== DATA

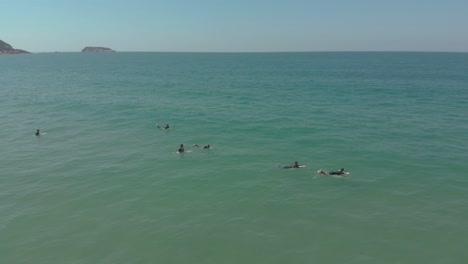 Toma-De-Drone-De-Personas-Surfeando-En-El-Océano-Claro-Y-Cristalino-De-La-Playa-De-Santinho,-Brasil,-Esperando-Las-Olas,-En-Sus-Trajes-De-Surf-En-Un-Día-Soleado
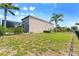 Large backyard with screened-in pool and lush tropical landscaping at 1204 Lexington Ave, Davenport, FL 33837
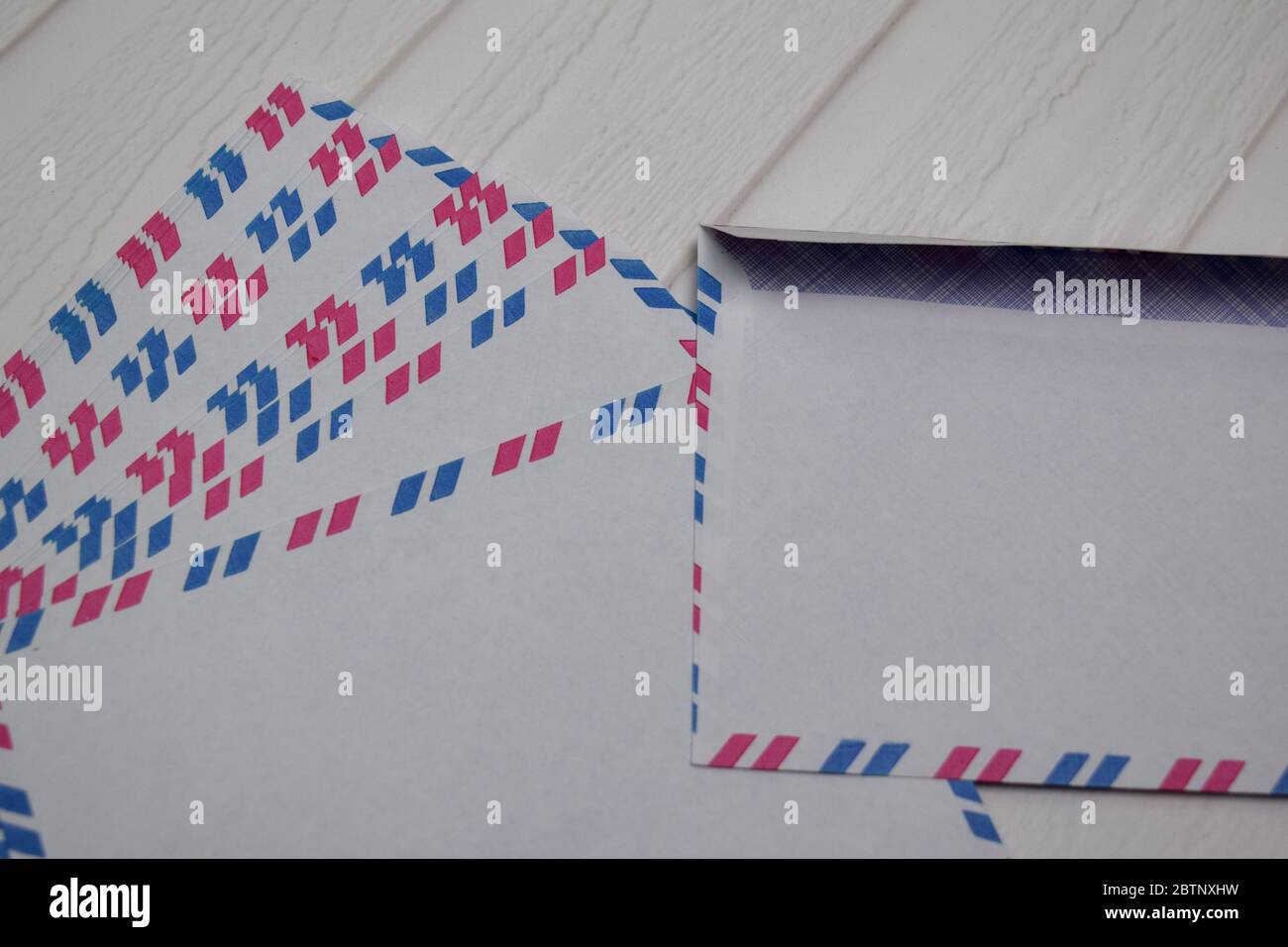Air Mail Envelope isolated on wooden table. Stock Photo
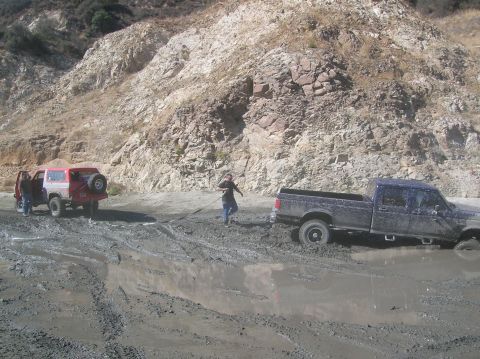 1985 Ford Bronco - Two vehicles are stuck in a muddy area, with people trying to free them.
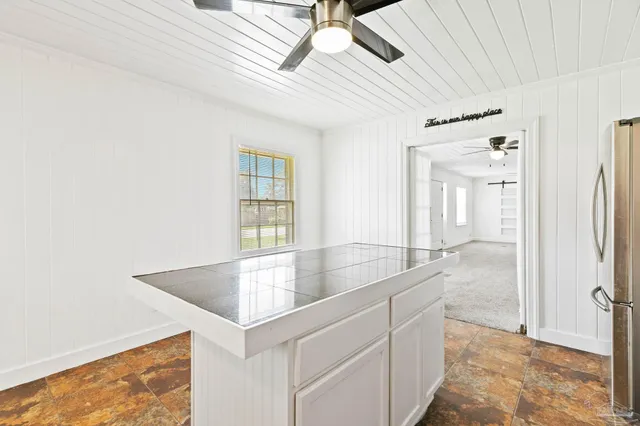 a view of a kitchen with granite countertop cabinets and a sink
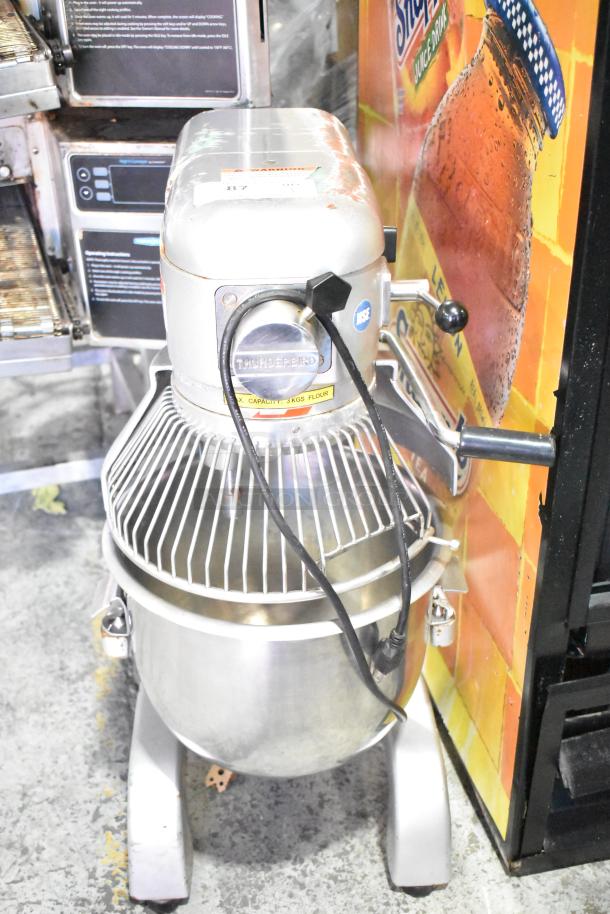Thunderbird ARM-02 20 Quart Planetary Dough Mixer with mixing bowl and bowl guard, 115V, 1 Phase, in working condition.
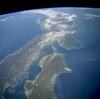This high-oblique, northeast-looking space shuttle photograph captures a portion of Southern Honshu Island and Shikoku Island of Japan. The darker areas show volcanic, mountainous terrain that comprises more than 80 percent of Japan; the lighter, more highly reflective areas of the coastal plains and valleys are urban and agricultural areas. Separated by the Seto Inland Sea are Shikoku Island to the south and the Osaka-Kobe industrial metroplex on Honshu Island to the north. Photo courtesy of NASA.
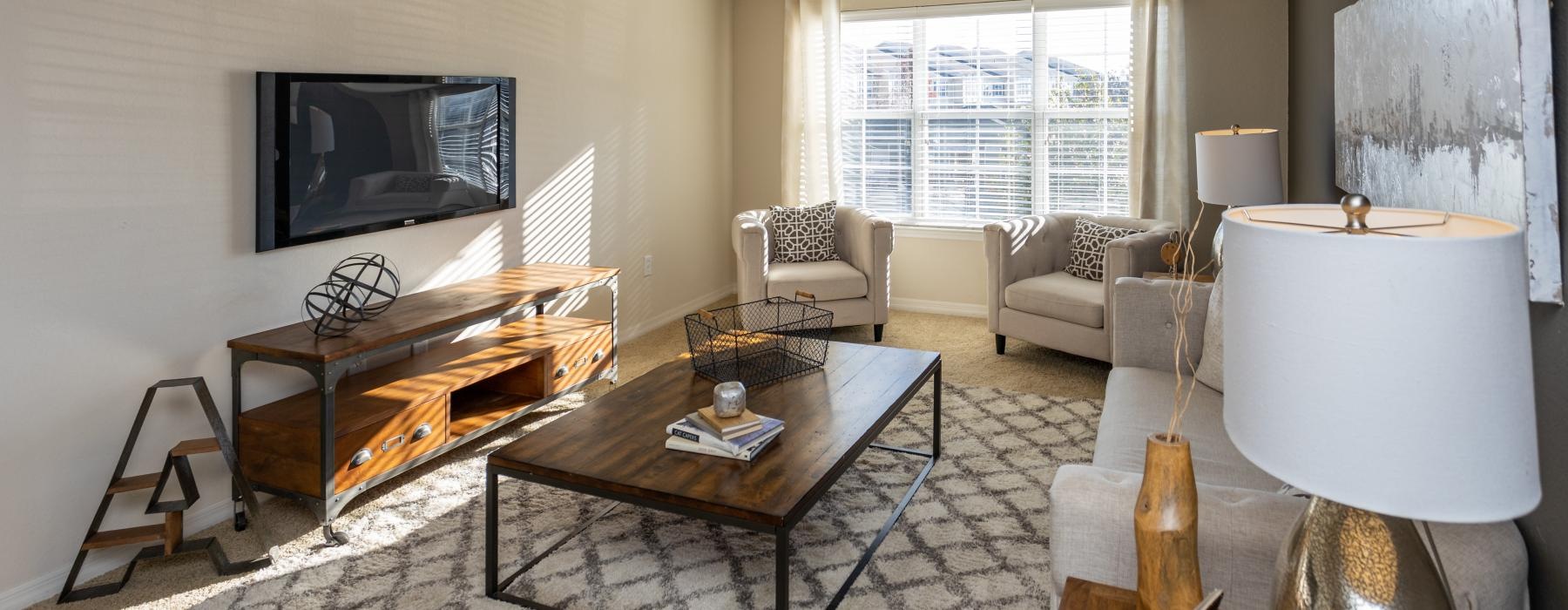 a living room with a piano and a television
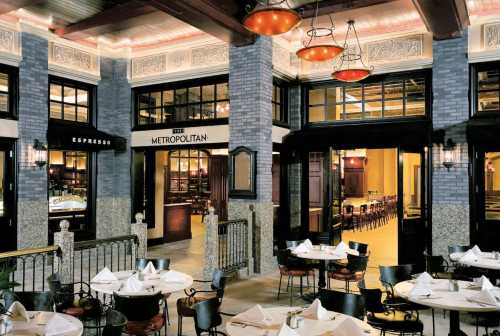 Elegant restaurant interior featuring brick walls, decorative lighting, and neatly set tables.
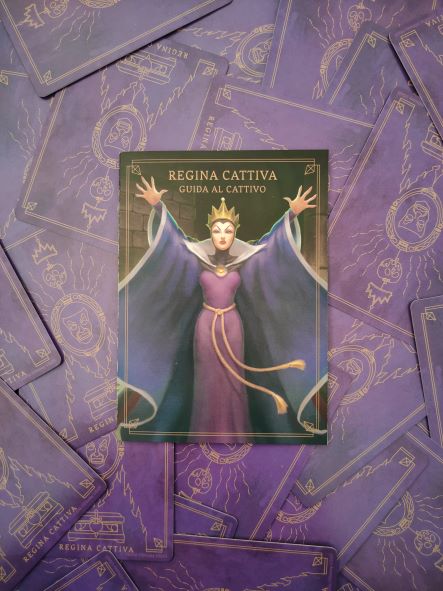 Evil Queen villain guide placed onto a bunch of facedown cards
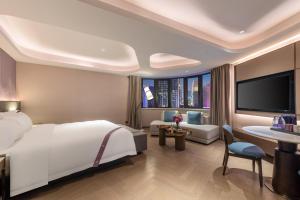 Imperial Traders Elong Hotel في قوانغتشو: غرفة نوم بسرير كبير وغرفة معيشة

====

INSTRUCTIONS FOR THE TASK
Retype the data above exactly. Leave the pictures out.

FINISHED EXERCISE
 Toma-De-Drone-De-Personas-Surfeando-En-El-Océano-Claro-Y-Cristalino-De-La-Playa-De-Santinho,-Brasil,-Esperando-Las-Olas,-En-Sus-Trajes-De-Surf-En-Un-Día-Soleado
 Large backyard with screened-in pool and lush tropical landscaping at 1204 Lexington Ave, Davenport, FL 33837
Air Mail Envelope isolated on wooden table. Stock Photo
 1985 Ford Bronco - Two vehicles are stuck in a muddy area, with people trying to free them.
 a view of a kitchen with granite countertop cabinets and a sink
Thunderbird ARM-02 20 Quart Planetary Dough Mixer with mixing bowl and bowl guard, 115V, 1 Phase, in working condition.
This high-oblique, northeast-looking space shuttle photograph captures a portion of Southern Honshu Island and Shikoku Island of Japan. The darker areas show volcanic, mountainous terrain that comprises more than 80 percent of Japan; the lighter, more highly reflective areas of the coastal plains and valleys are urban and agricultural areas. Separated by the Seto Inland Sea are Shikoku Island to the south and the Osaka-Kobe industrial metroplex on Honshu Island to the north. Photo courtesy of NASA.
 a living room with a piano and a television
 Elegant restaurant interior featuring brick walls, decorative lighting, and neatly set tables.
 Evil Queen villain guide placed onto a bunch of facedown cards
 Imperial Traders Elong Hotel في قوانغتشو: غرفة نوم بسرير كبير وغرفة معيشة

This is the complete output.